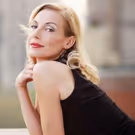 Ute Lemper to Perform Works Written in Concentration Camps for LAST MUSIK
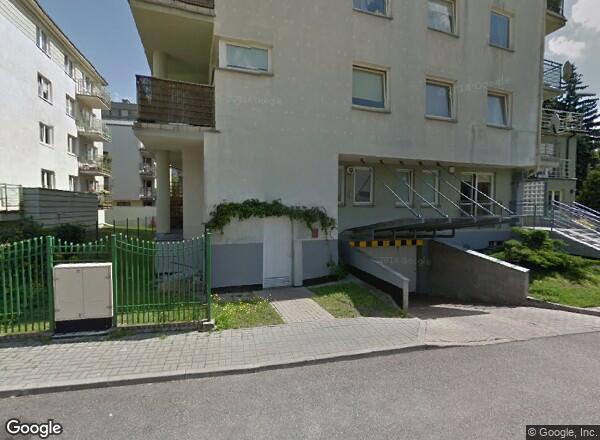 Ceny mieszkań Warszawa ul. Łąkocińska 22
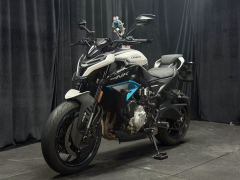 CFMOTO 675NK - фото 1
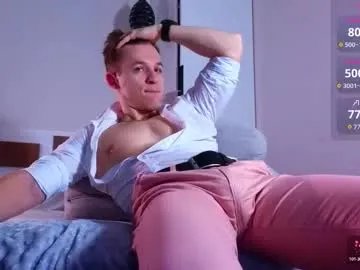 night_wwwolf on Chaturbate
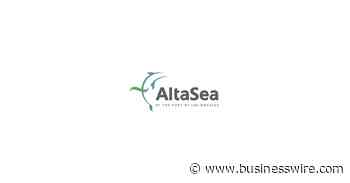 World-Renowned Schmidt Ocean Institute, Robert Downey Jr.'s FootPrint Coalition, and Philippe Cousteau, Jr. To Accept Awards at AltaSea's Second Annual Blue Hour - Business Wire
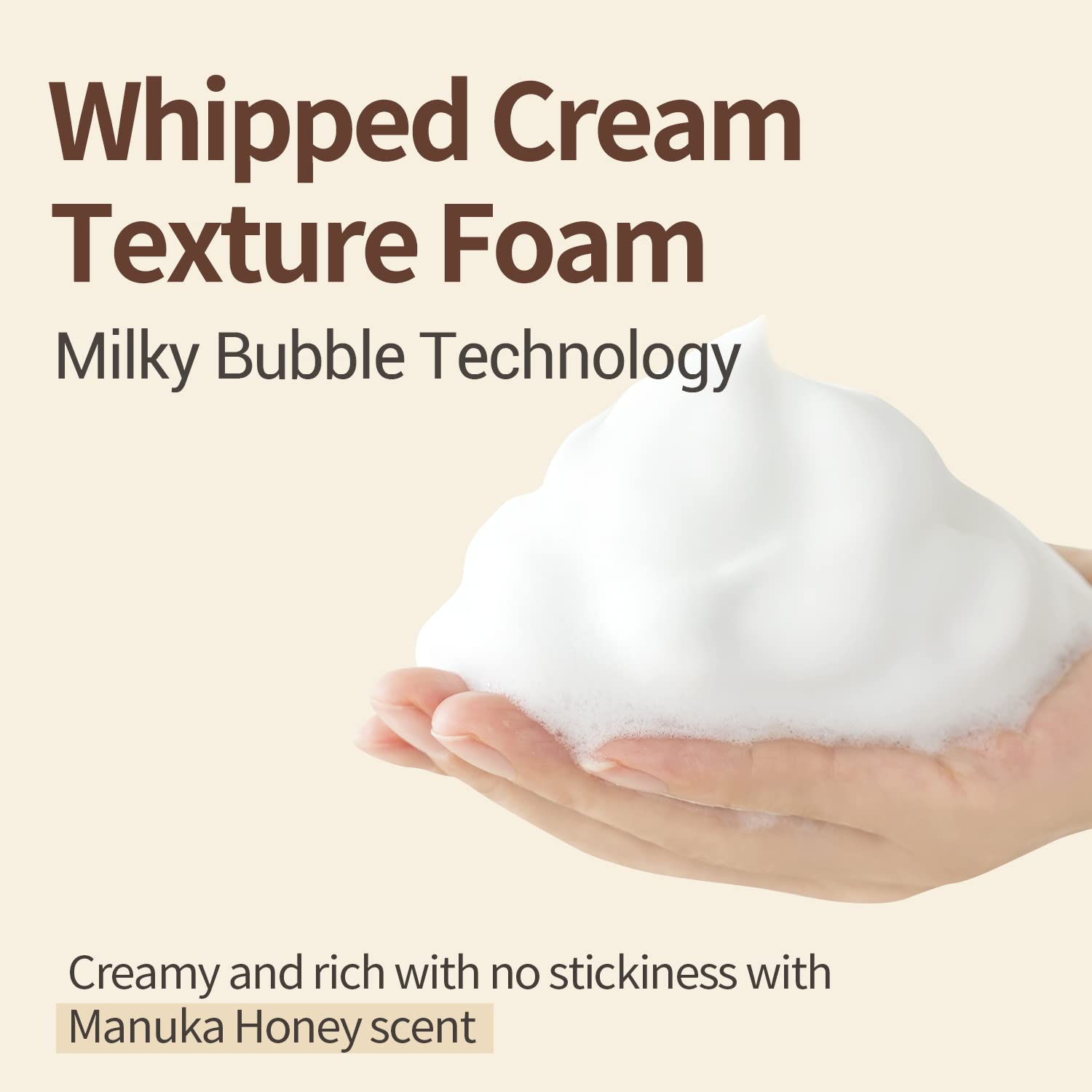 SHOWERMATE Goat Milk Body Wash Manuka Honey 800 ml/27 Fl Oz, 2 PACKS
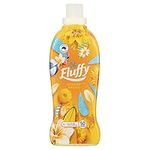 Fluffy Concentrate Liquid Fabric So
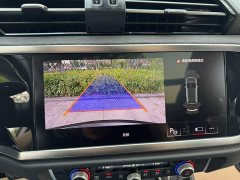 Audi Q3 35 TFSI Sport Dynamic Edition 1.4T - ფოტო 16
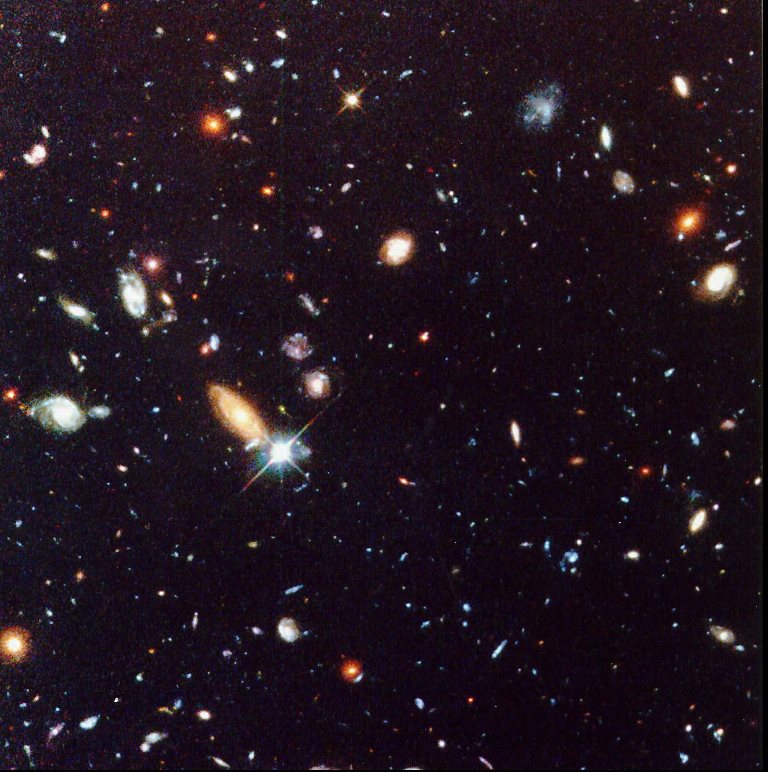 Oι Αμερικανοί “έπιασαν” 15 μυστηριώδη ραδιοσήματα από μακρινό γαλαξία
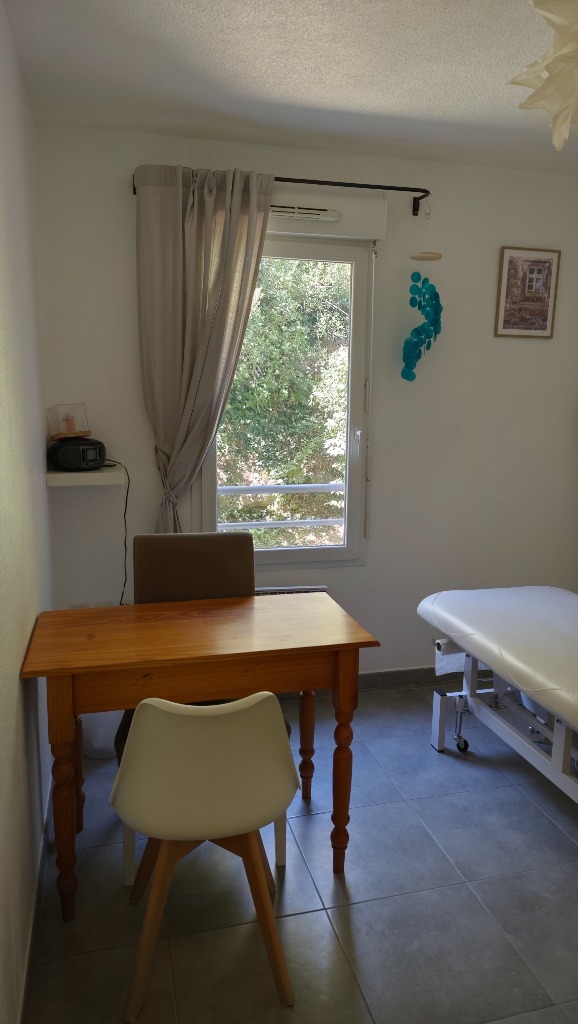 photo cabinet Manon Sophro Sud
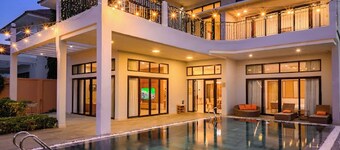 D Luxury Villas Phu Quoc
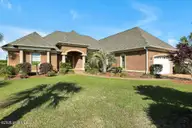 1212 Dalton Way, Leland, NC 28451 — 3-bedroom waterfront home in Waterford of the Carolinas, Leland, NC, photo 2 of 72: 1212DaltonWay-2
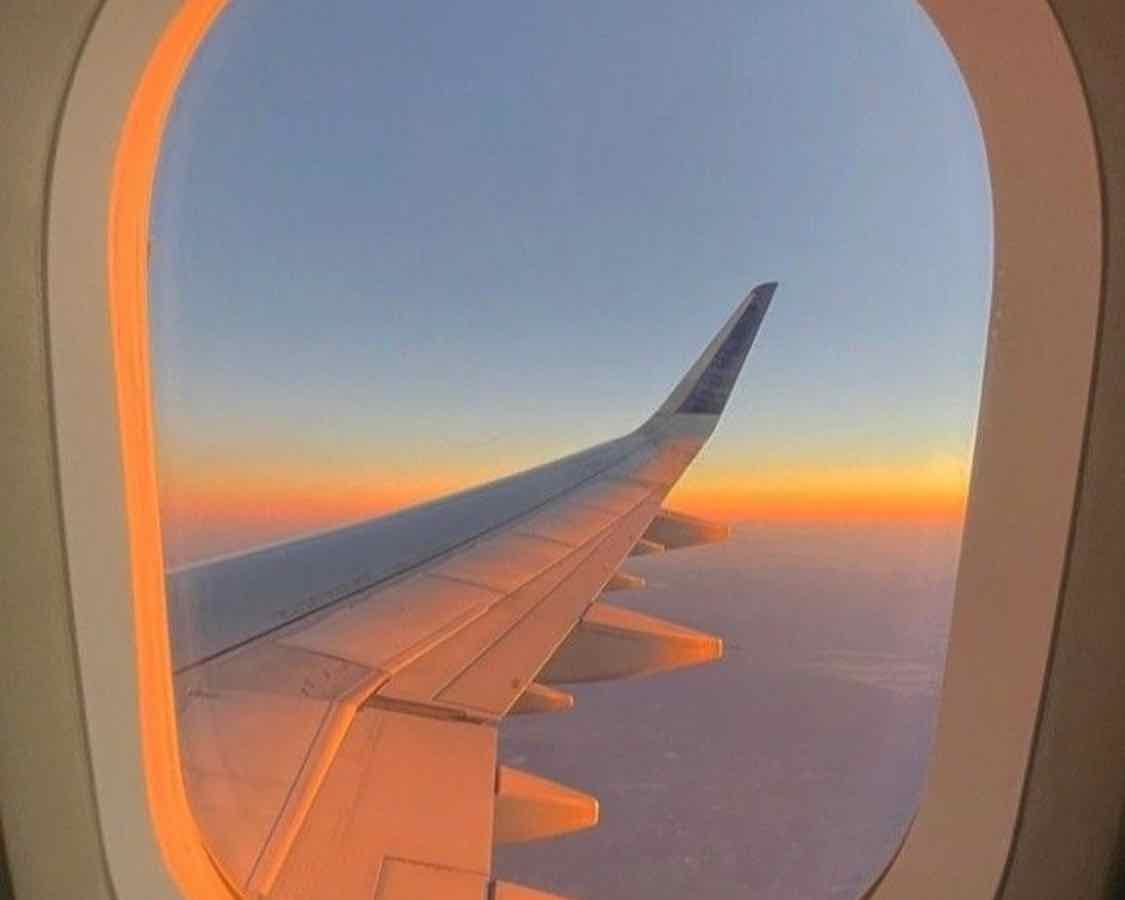 Countries I went to..🛩️✨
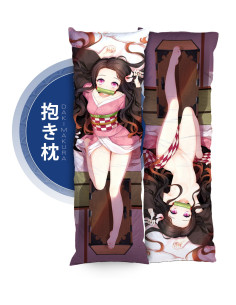 Nezuko Kamado - Demon Slayer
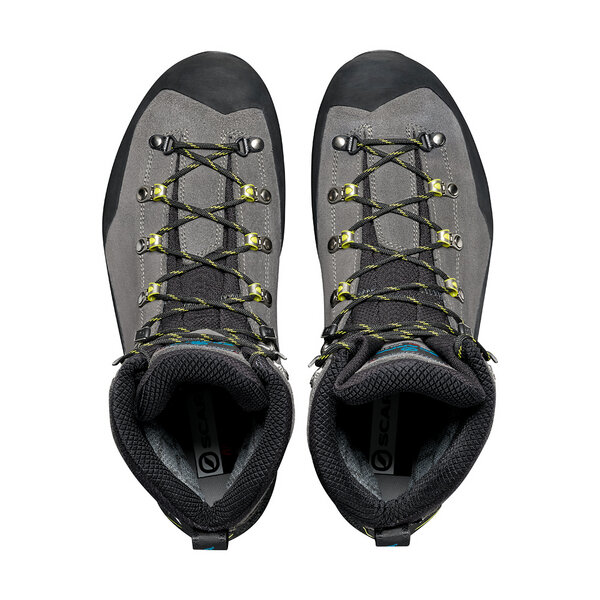 Scarpa manta clearance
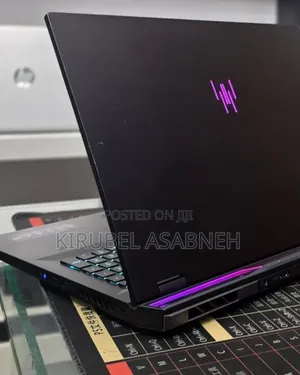 New Laptop Acer Predator Helios Neo 16 32GB Intel Core i9 SSD 1T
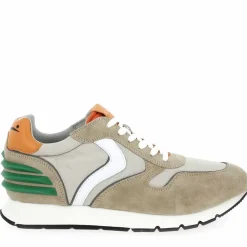 Liam Power - Beige Vert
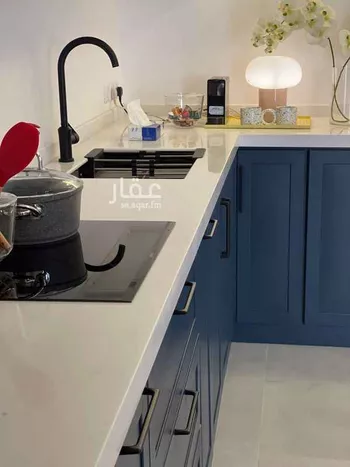 شقة مفروشة للحجز في شارع المشيرفة ، حي العقيق ، الرياض ، امارة منطقة الرياض صورة 2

**Required work**
Leave the pictures out. Output, exactly, the lines of the material above starting at the line containing "Fluffy Concentrate Liquid Fabric So" and ending at the line containing "Countries I went to..🛩️✨".

**Solution**
 Fluffy Concentrate Liquid Fabric So
 Audi Q3 35 TFSI Sport Dynamic Edition 1.4T - ფოტო 16
 Oι Αμερικανοί “έπιασαν” 15 μυστηριώδη ραδιοσήματα από μακρινό γαλαξία
 photo cabinet Manon Sophro Sud
 D Luxury Villas Phu Quoc
 1212 Dalton Way, Leland, NC 28451 — 3-bedroom waterfront home in Waterford of the Carolinas, Leland, NC, photo 2 of 72: 1212DaltonWay-2
 Countries I went to..🛩️✨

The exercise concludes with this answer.